§ Task details: Copy every record exactly, leaving the pictures out.

------ Entries shown

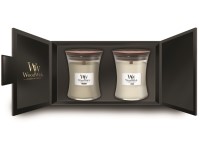WoodWick ajándék szett Fireside, Linen közepes üveg 2db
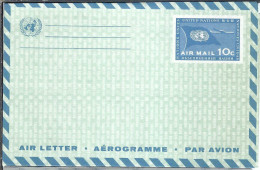 NATIONS UNIES New York Ca.1972: Aérogramme Entier De 10c Neuf - Storia Postale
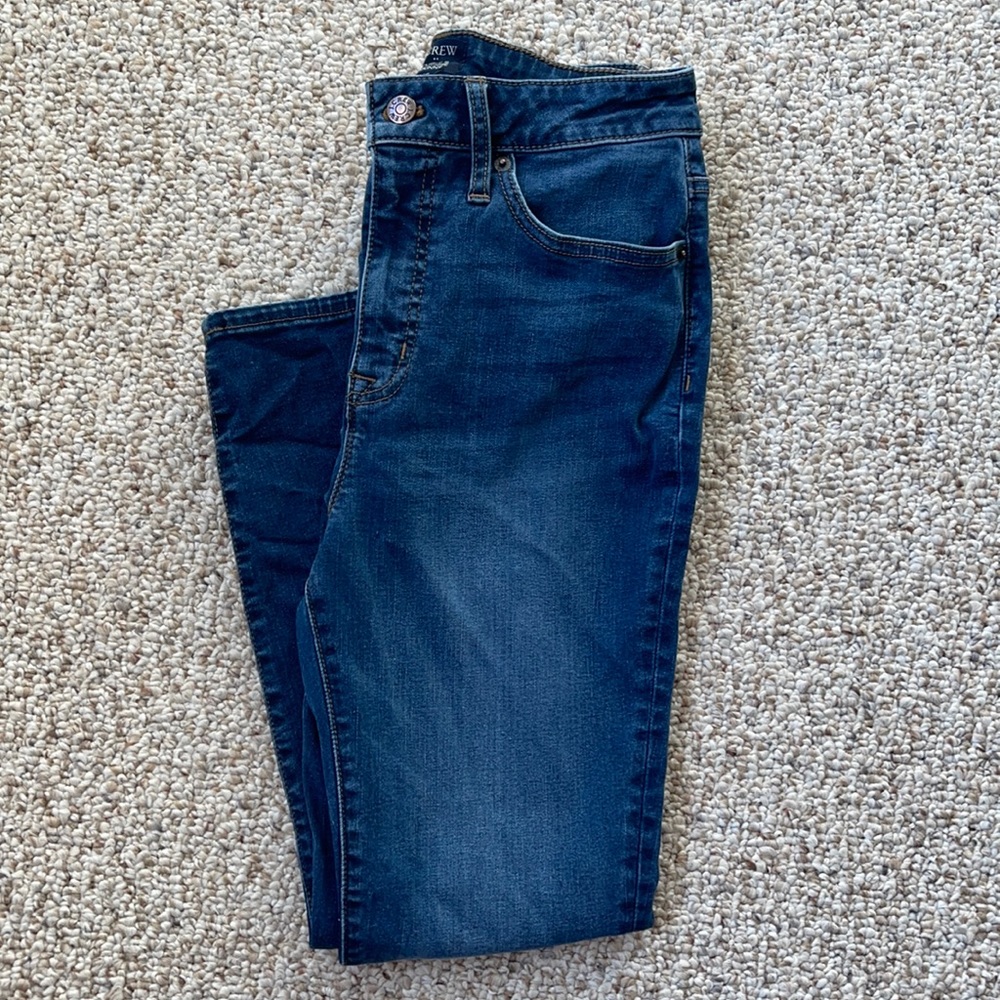 Jcrew curvy 10 inch high rise, petite skinny jeans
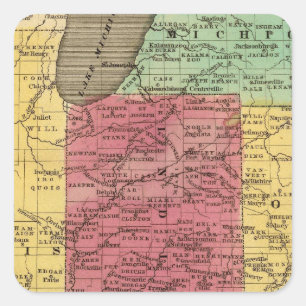 Sticker Carré États Occidentaux 2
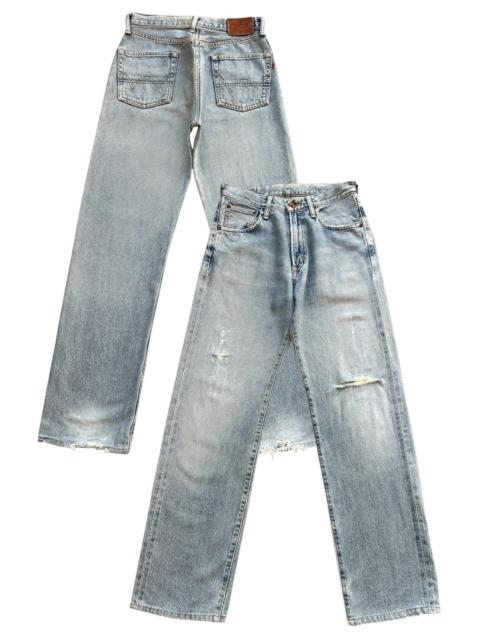 Other Designers Vintage Edwin 505 Selvedge Distressed Denim Jeans 29x32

------------

§ Exercise solution:
WoodWick ajándék szett Fireside, Linen közepes üveg 2db
 NATIONS UNIES New York Ca.1972: Aérogramme Entier De 10c Neuf - Storia Postale
 Jcrew curvy 10 inch high rise, petite skinny jeans
 Sticker Carré États Occidentaux 2
 Other Designers Vintage Edwin 505 Selvedge Distressed Denim Jeans 29x32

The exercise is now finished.